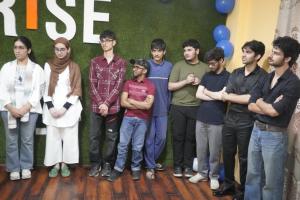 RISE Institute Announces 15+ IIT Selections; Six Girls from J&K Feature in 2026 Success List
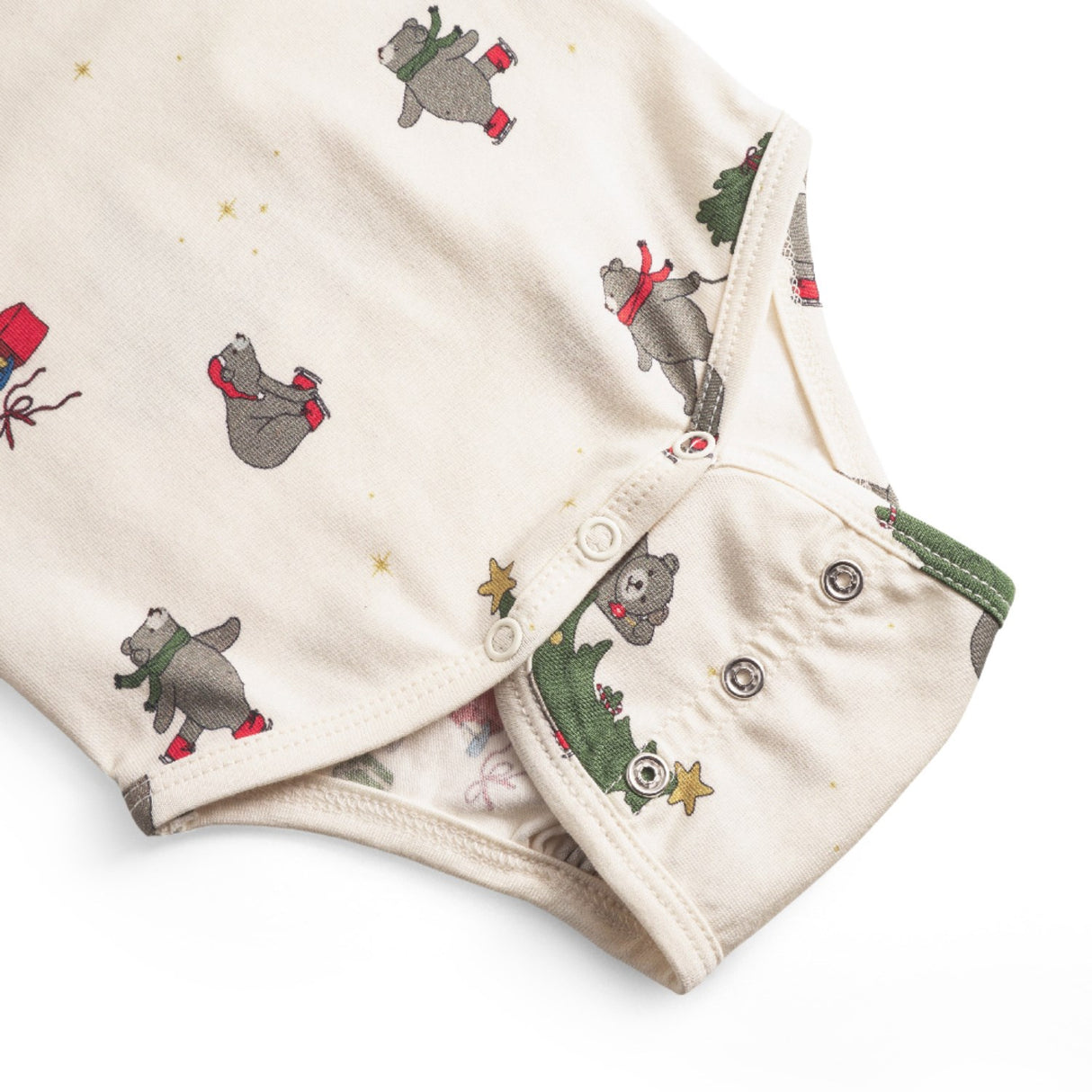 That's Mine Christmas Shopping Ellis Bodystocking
== == ==
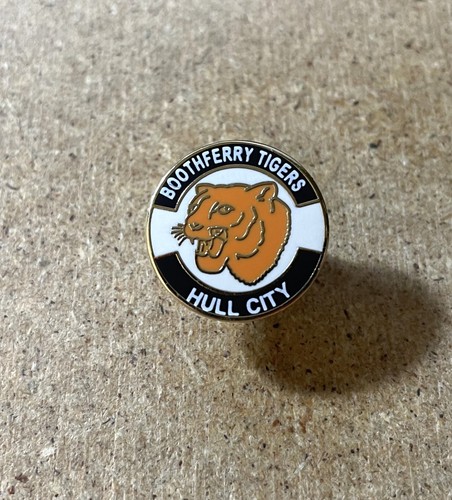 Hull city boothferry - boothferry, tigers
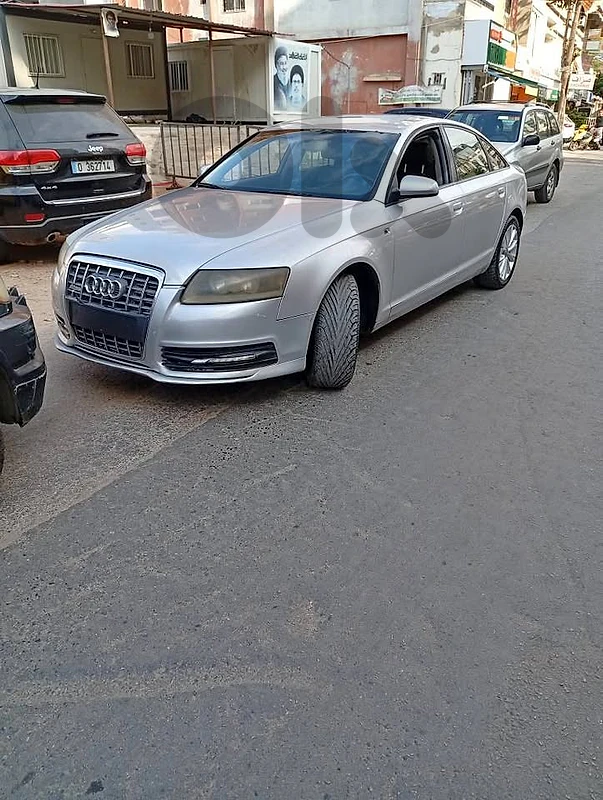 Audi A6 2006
== == ==
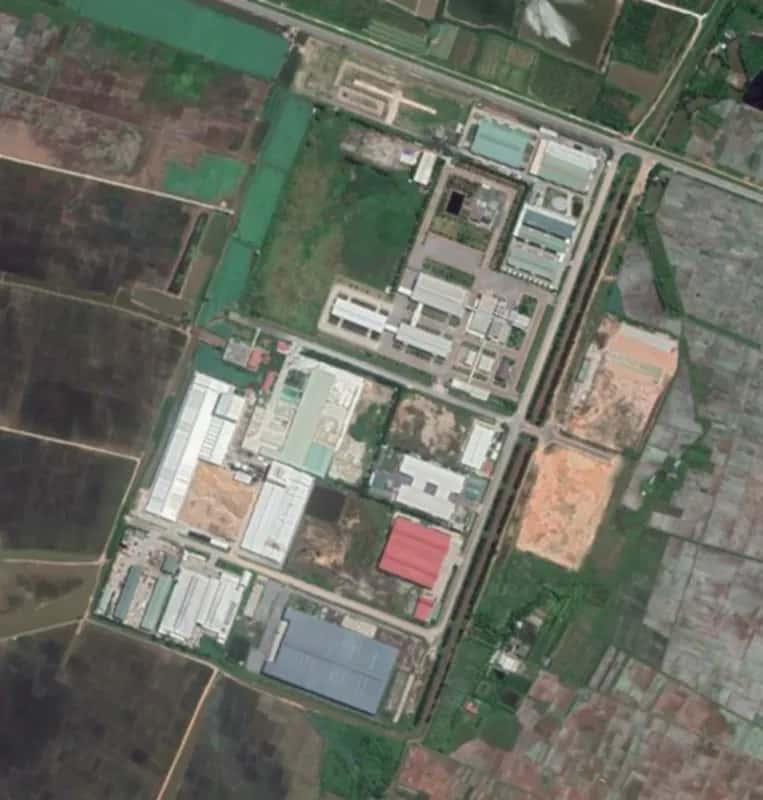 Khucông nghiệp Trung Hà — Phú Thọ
== == ==
Using the data above, return the lines from the one holding "RISE Institute Announces" through the one holding "That's Mine Christmas" exactly, but not the pictures.

 RISE Institute Announces 15+ IIT Selections; Six Girls from J&K Feature in 2026 Success List
 That's Mine Christmas Shopping Ellis Bodystocking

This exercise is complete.